Later in the afternoon, Gerry fixed her ripped silk sleeping bag liner. Haidee followed suit.
Ben prepared what appeared to be his seventeenth meal for the day, although it was hard to tell. The man seemed to have the hollowest legs on the planet.
“I clearly brought way too much food,” he said, holding up a gargantuan bag of oats. “I need to lighten the load a bit.”
Amazingly, despite sleeping most of the day, we all slept deeply during the night too.
48 hours Storm-Bound: Day Two
…just a few days later, we would learn of one unfortunate hiker killed in this very storm we were sheltering from, only a few kilometers from where we lay warm in our sleeping bags…
Day Two in the hut was where things really got exciting for us. We woke to the hut shuddering under the pressure of violent wind gusts. The typhoon was upon us, and we were glad to be in the hut.
The rain had started in earnest too. So had the leaks in the hut’s roof. Miraculously, we’d all mostly managed to choose spots to sleep that were out of the way of the drips. Haidee woke in the middle of the night to find her sleeping bag hood being dripped on though, and had to shuffle away from the wall a bit.
“I thought it was those resident spiders jumping on me,” she explained. “But when I touched my sleeping bag hood I discovered it was all wet! The rain had clearly got me!”
The resident spiders, by the way, seem to be a bit of a fixture in Kamihoro Hut. Curious little critters, the daddy-longlegs/cellar/harvestman spiders seem to only come out at night. We’d encountered them in the hut over 8 years ago when we first stayed.

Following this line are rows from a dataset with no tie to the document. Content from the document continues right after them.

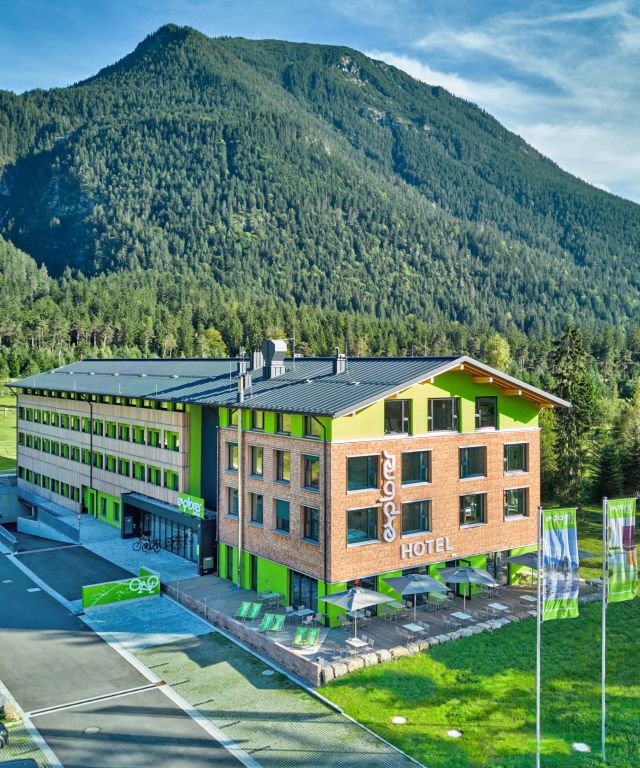 Explorer Hotel Garmisch Außenansicht Sommer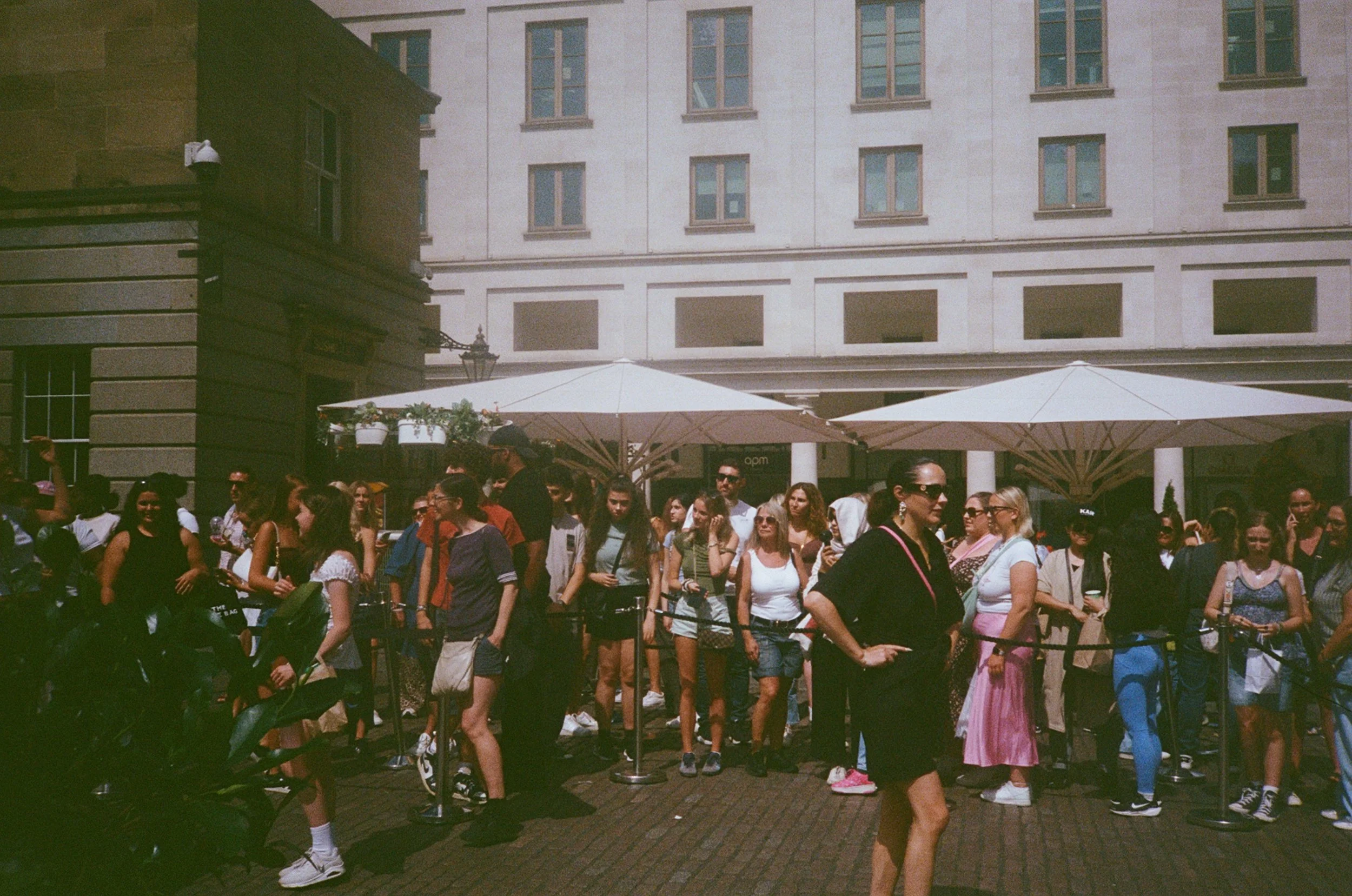 000046450020_17A.jpg
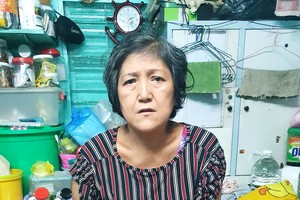 孫上妹在窄小的住房裡。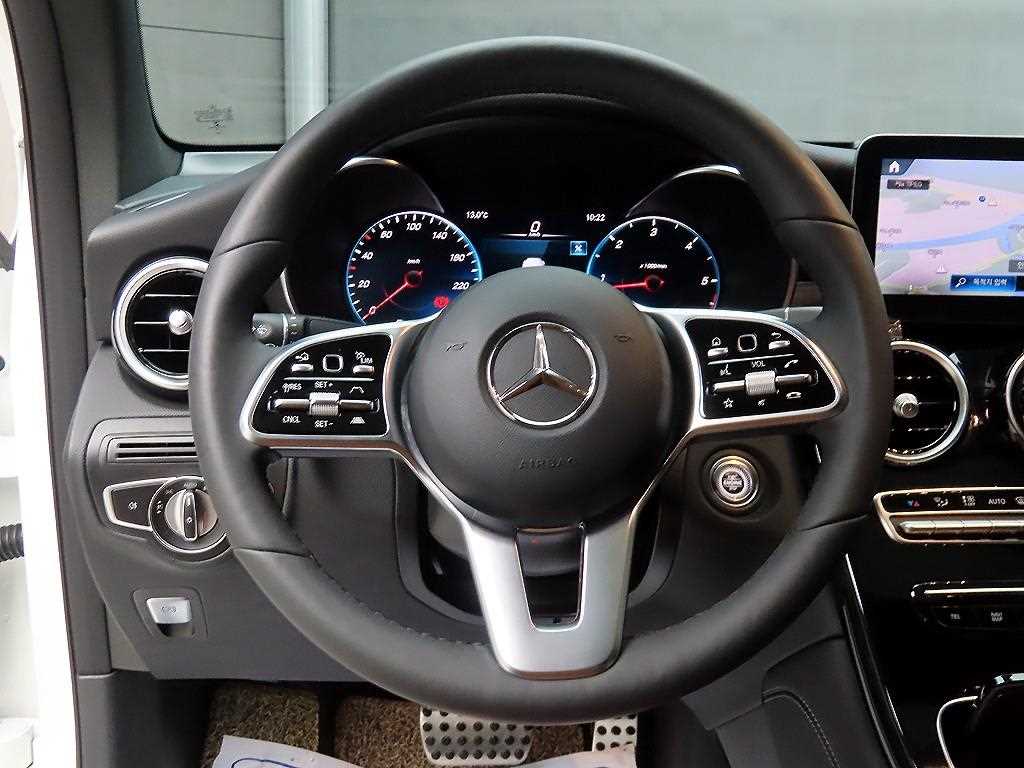 Mercedes Benz GLC Class - Vista 9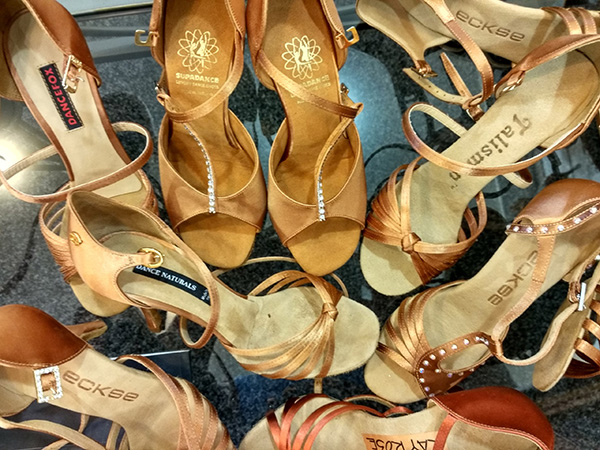 many_dance_shoes_c-2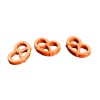 Lot de trois bretzels alsacien miniature en résine vue principale fond blanc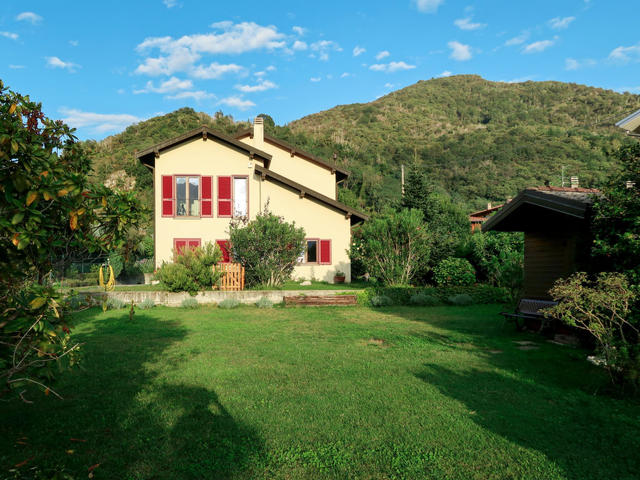 Haus/Residenz|Il Ciliegio|Lago Maggiore|Maccagno con Pino e Veddasca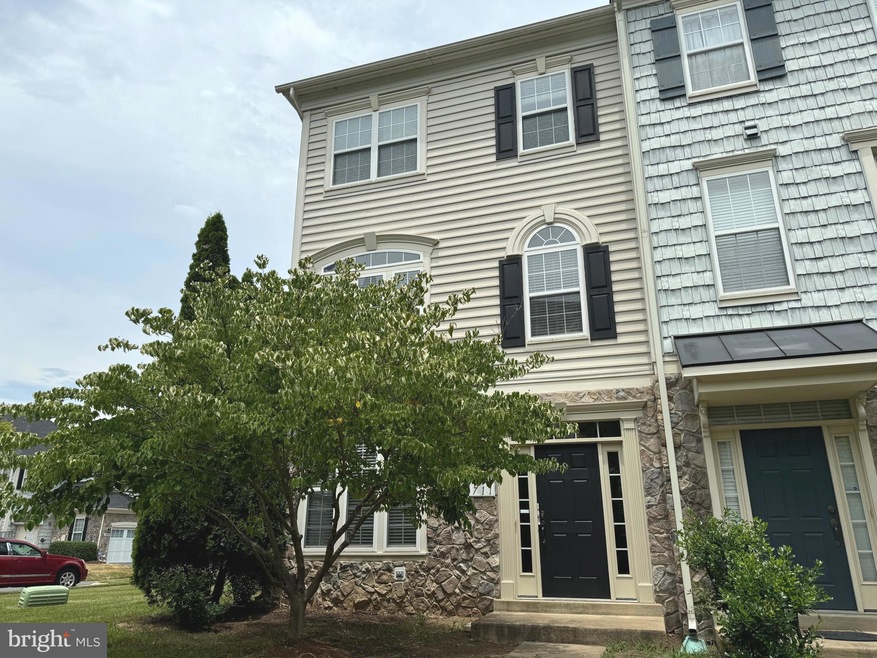 711 Redgate Ln, Woodbridge, VA 22191 - photo 1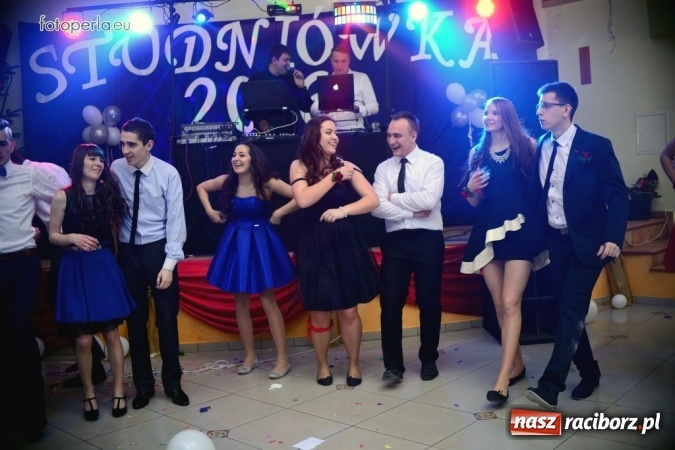 Zdjęcie w galerii na portalu naszraciborz.pl: To była szalona noc maturzystów ZSOMS wiadomości z regionu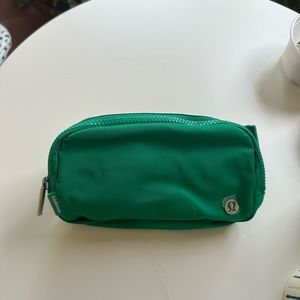 New Emerald color Lululemon Everywhere Belt bag 1L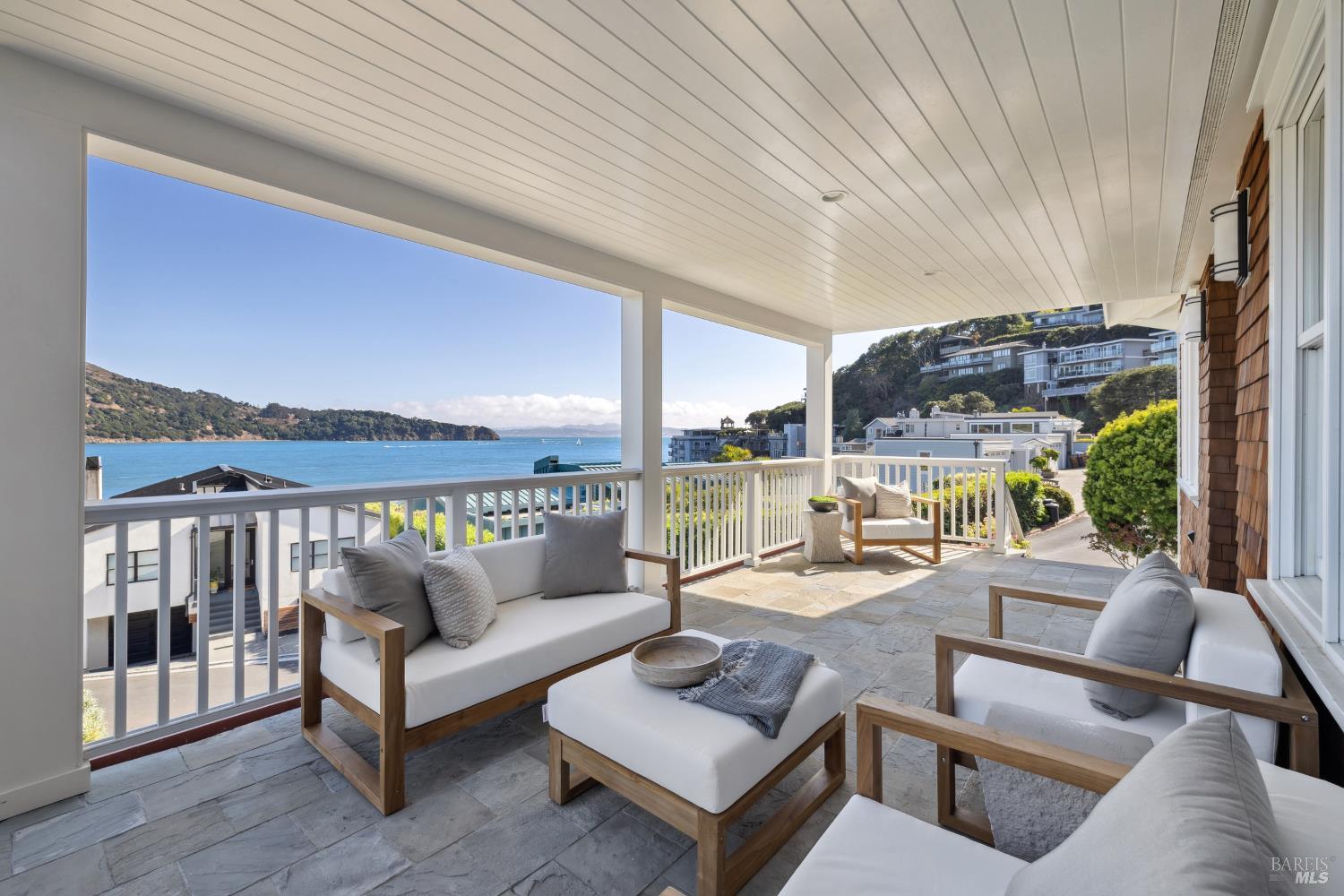 Detail Gallery Image 4 of 46 For 2105 Mar East St, Belvedere Tiburon,  CA 94920 - 5 Beds | 4/1 Baths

“I know what you mean about the spiders” said Gerry in a consoling tone. “I woke up to one of them crawling over my face the first night. That’s why I’m wearing my eye mask now, to try to keep them off my skin.”
We tried to position pots and pans in the worst spots to slow down the creep of puddles across the floor.
Around mid-day, we all ventured outside to take a look at how the storm was progressing. Now things were getting serious. Sheets of horizontal rain pounded us as we braced ourselves against the wind. It wasn’t yet impossible to stand, but getting close to it. The Beaufort Scale descriptions would suggest we were at around an 8 or 9 on the Beaufort Scale. It was a bit difficult to tell, owing to there only being rock, gravel, and a fortified steel-beam-reinforced wooden box of a hut around us.
Going to the outdoor loo was an arduous task at the height of the storm. It generally required donning full wet weather gear, just to take a pee.
Being up in the alpine in a typhoon in the Daisetsuzan Range was an experience that filled all of us with awe. Tourist posters of Asahi-dake and the cute nakiusaki pika rodents depict the range as a benevolent, mild-mannered place. Delicate alpine flowers swaying in the gentle alpine breezes.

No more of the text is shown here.